The U.S., not China, is the real threat to international rule of law

JEFFREY D. SACHS
NEW YORK
CONTRIBUTED TO THE GLOBE AND MAIL
PUBLISHED 9 HOURS AGOUPDATED DECEMBER 12, 2018

Jeffrey D. Sachs is an American economist and the director of Columbia University’s Center for Sustainable Development.

If, as Mark Twain reputedly said, history often rhymes, our era increasingly recalls the period preceding 1914. And as with Europe’s great powers back then, the United States, led by an administration intent on asserting America’s dominance over China, is pushing the world toward disaster.
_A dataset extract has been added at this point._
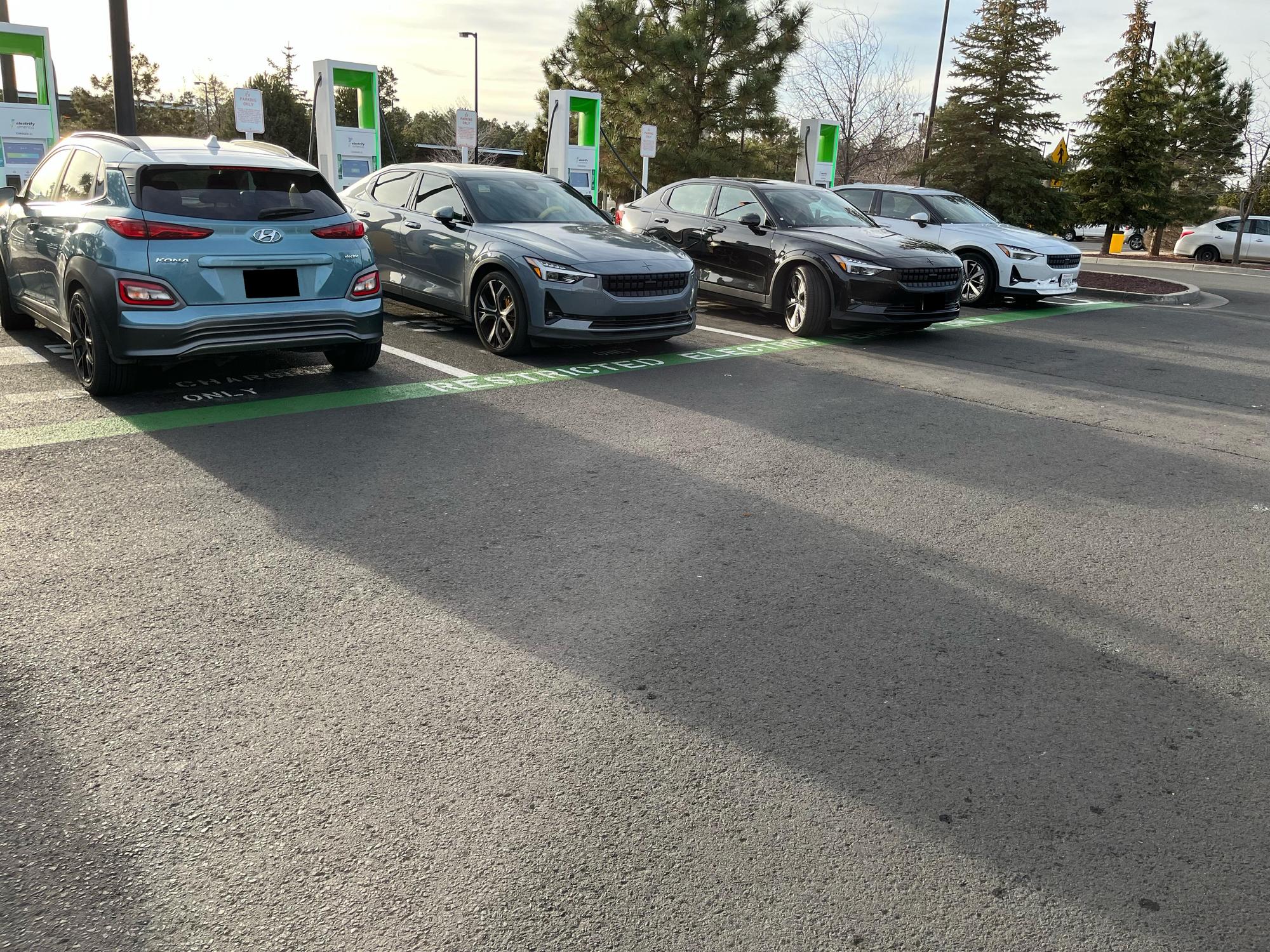 Walmart Flagstaff Flagstaff, AZ EV Station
The context of the arrest of Huawei CFO Meng Wanzhou – a dangerous move by U.S. President Donald Trump’s administration in its intensifying conflict with China – matters enormously. The United States requested that Canada arrest Ms. Meng in the Vancouver airport en route to Mexico from Hong Kong, and then extradite her to the United States. Such a move is almost a U.S. declaration of war on China’s business community. Nearly unprecedented, it puts American business people travelling abroad at much greater risk of such actions by other countries.

The United States rarely arrests senior business people, U.S. or foreign, for alleged crimes committed by their companies. Corporate managers are usually arrested for their alleged personal crimes (such as embezzlement, bribery or violence) rather than their company’s alleged malfeasance. Yes, corporate managers should be held to account for their company’s malfeasance, up to and including criminal charges, but to start this practice with a leading Chinese business person – rather than the dozens of culpable U.S. CEOs and CFOs – is a stunning provocation to the Chinese government, business community and public.

Ms. Meng is charged with violating U.S. sanctions on Iran. Yet, consider her arrest in the context of the large number of companies, U.S. and non-U.S., that have violated America’s sanctions against Iran and other countries. In 2011, for example, JP Morgan Chase paid $88.3 million in fines in 2011 for violating U.S. sanctions against Cuba, Iran and Sudan. Yet Jamie Dimon wasn’t grabbed off a plane and whisked into custody.


And JP Morgan Chase was hardly alone in violating U.S. sanctions. Since 2010, the following major financial institutions paid fines for such violations: Banco do Brasil, Bank of America, Bank of Guam, Bank of Moscow, Bank of Tokyo-Mitsubishi, Barclays, BNP Paribas, Clearstream Banking, Commerzbank, Compass, Crédit Agricole, Deutsche Bank, HSBC, ING, Intesa Sanpaolo, National Bank of Abu Dhabi, National Bank of Pakistan, PayPal, RBS (ABN Amro), Société Générale, Toronto-Dominion Bank, Trans Pacific National Bank (now known as Beacon Business Bank), Standard Chartered and Wells Fargo.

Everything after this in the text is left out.